> [Task statement]
Please return all of the records verbatim, with the pictures omitted.

### Given information

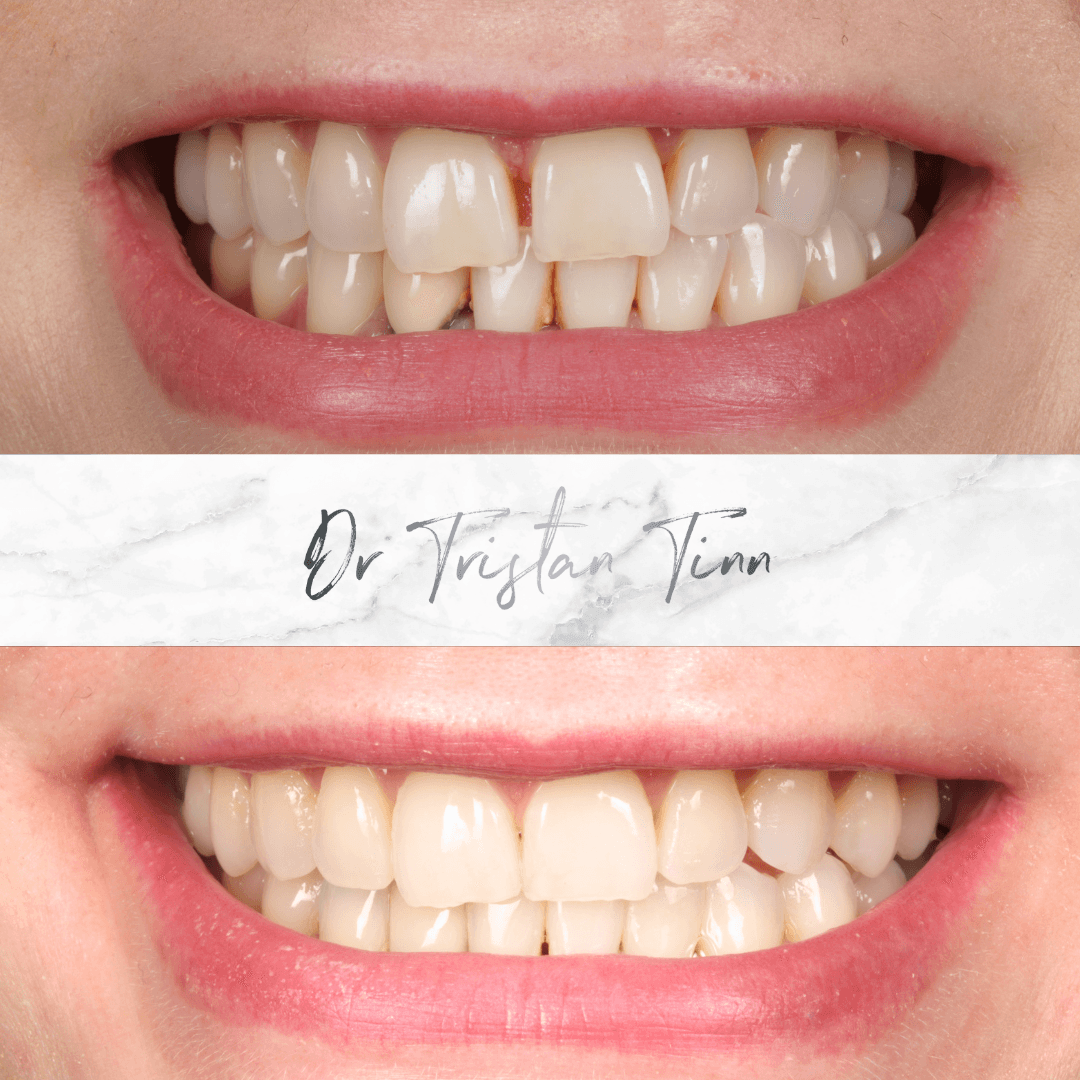 Aligners + Whitening + Bridge Replacement
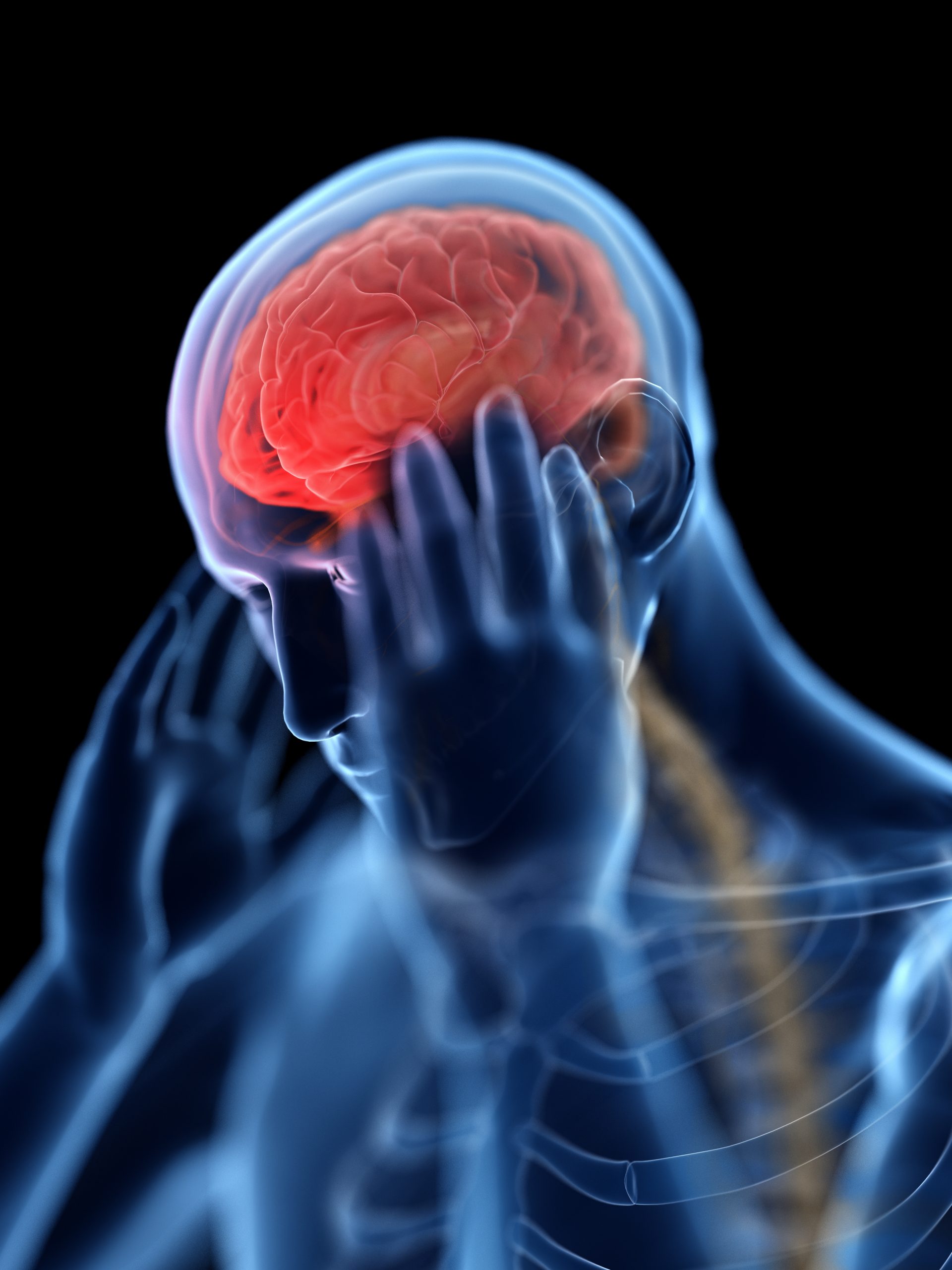 San Antonio's Traumatic Brain Injury Attorneys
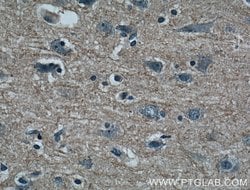 GMF-beta Mouse anti-Human, Porcine, Clone: 3B10A2, Proteintech 150 &mu;L | Buy Online | Proteintech Group Inc | Fisher Scientific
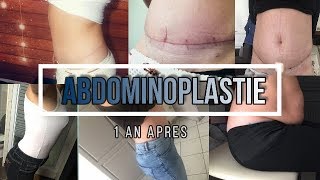 ABDOMINOPLASTIE 1 AN APRES [upl. by Enriqueta]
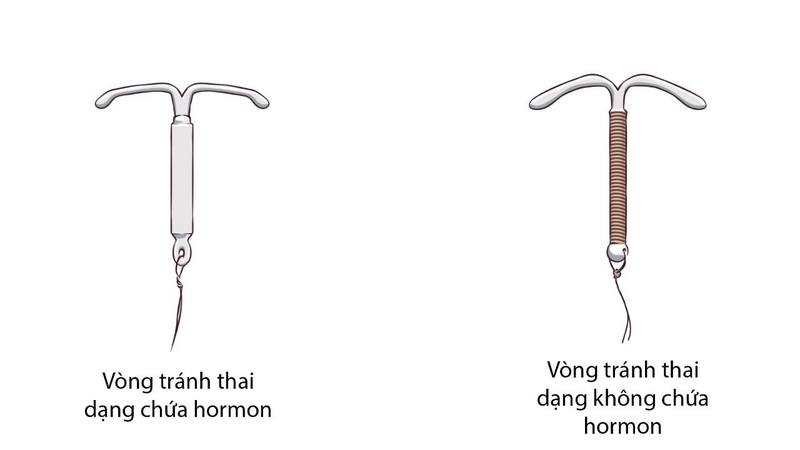 Vòng tránh thai có hình dạng chữ T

######

> [Written solution]
 Aligners + Whitening + Bridge Replacement
 San Antonio's Traumatic Brain Injury Attorneys
 GMF-beta Mouse anti-Human, Porcine, Clone: 3B10A2, Proteintech 150 &mu;L | Buy Online | Proteintech Group Inc | Fisher Scientific
 ABDOMINOPLASTIE 1 AN APRES [upl. by Enriqueta]
 Vòng tránh thai có hình dạng chữ T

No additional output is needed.